Red blood cells with hepatitis virus

Infectious Diseases
Prevention and Control

in Canadian Federal
Penitentiaries 2000-01

RESULTS

Human immunodeficiency virus (HIV)


HIV infection leads to a progressive and persistent impairment of the immune system and renders an infected person susceptible to opportunistic infections.
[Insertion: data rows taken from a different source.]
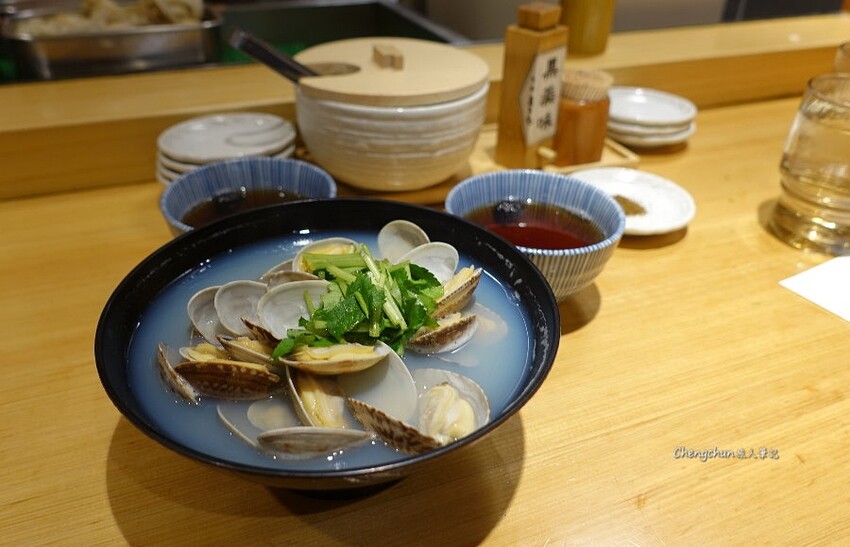 京都【天丼まきの 京都寺町店 】天婦羅定食 Makino 隨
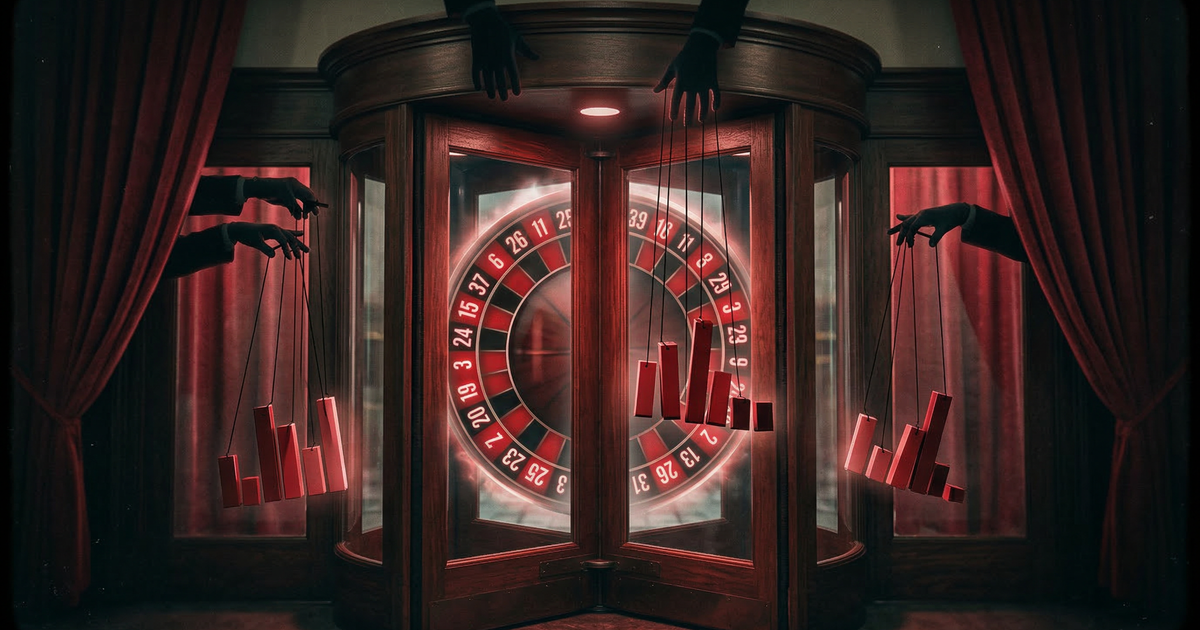 Liberals are spinning polling companies which in turn spin Canadians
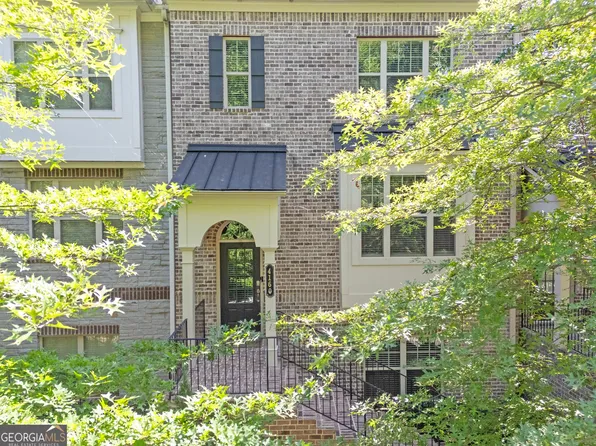 4160 Butler Dr, Chamblee, GA 30341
The presence of such opportunistic infections indicates that HIV infection has progressed to AIDS. Individuals with HIV have a high incidence of co-infection with hepatitis C virus (HCV), with an estimated 22% of HIV-infected persons in 1999 harboring HCV.1 Because HIV affects the immune system, it is estimated that tuberculosis (TB) carriers who are infected with HIV are also 113 times more likely to develop active TB than those without HIV.2 The presence of other sexually transmitted diseases (STDs), particularly those that cause genital ulcers, increases the risk of HIV transmission.3,4

Most people newly infected with HIV do not know that they have become infected and can unknowingly transmit the virus to others. The majority of HIV-infected persons will develop antibodies to HIV between 6 weeks and 3 months after becoming infected, but may not show clinical symptoms of infection for up to 10 years or more.2

Sexual transmission and contact with infected blood through injection drug use (IDU) are the most common modes of HIV transmission in Canada.5 The use of contaminated needles, syringes, or skin-piercing equipment for tattooing also carries a significant risk of transmission.6,7 Thus, injection drug users and individuals practicing unprotected sex with an infected partner are at high-risk for HIV infection.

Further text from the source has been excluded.